Cybercriminals using ransomware and other ‘fearware’ approaches know that many newly hybrid workplaces – those with some people working remotely and some in the office, perhaps part of the time – have not yet adopted the best practice for this situation.

A key threat landscape report from BitDefender, for example, has shown that cyberattacks involving ransomware multiplied sevenfold in 2020 – and cybercriminals have even begun targeting backed up data, typically stored in the very systems meant to act as insurance in case of data breach or loss. These trends are set to continue.

The good news is that building the cyber resilience that shores up an organization’s defences against such threats need not be a complex or costly exercise.

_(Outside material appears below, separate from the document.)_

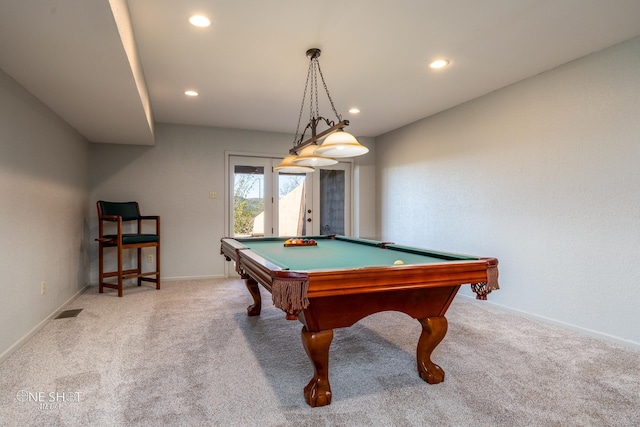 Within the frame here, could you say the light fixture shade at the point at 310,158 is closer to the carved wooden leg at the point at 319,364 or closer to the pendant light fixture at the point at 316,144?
the pendant light fixture at the point at 316,144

In fact, it can be achieved by focusing on just four areas.

Mandate offline back-ups

Forrester has found that 83% of IT security professionals are finding that the expanded infrastructure they are now forced to oversee and manage has added complexity to their security challenges.

A really strong first step can be to make each individual employee responsible for backing up locally to a corporate-approved encrypted storage device – as we all know, delegating, when appropriate, can relieve the load by distributing work with accountability across a team.

Using offline backup technologies, especially in addition to cloud backup and other systems and applications, ensures data can always be recovered, thwarting potential ransom attempts. And with 256bit AES XTS hardware-encrypted portable drives with capacities of 18TB available, the task becomes easy: every remote worker can save data securely offline any time for local recovery in parallel with a centralized backup plan.

Also Read: Cybercrime Will Cost the World $6 Trillion by 2021, says Study

Ensure control at the endpoint

This expansion of complexity across organizational infrastructures, their staff, partners, and customers underlines the importance of investing in straightforward endpoint controls. This means considering the roles played by laptops, desktops, and BYOD devices connecting to the network, and then securing them.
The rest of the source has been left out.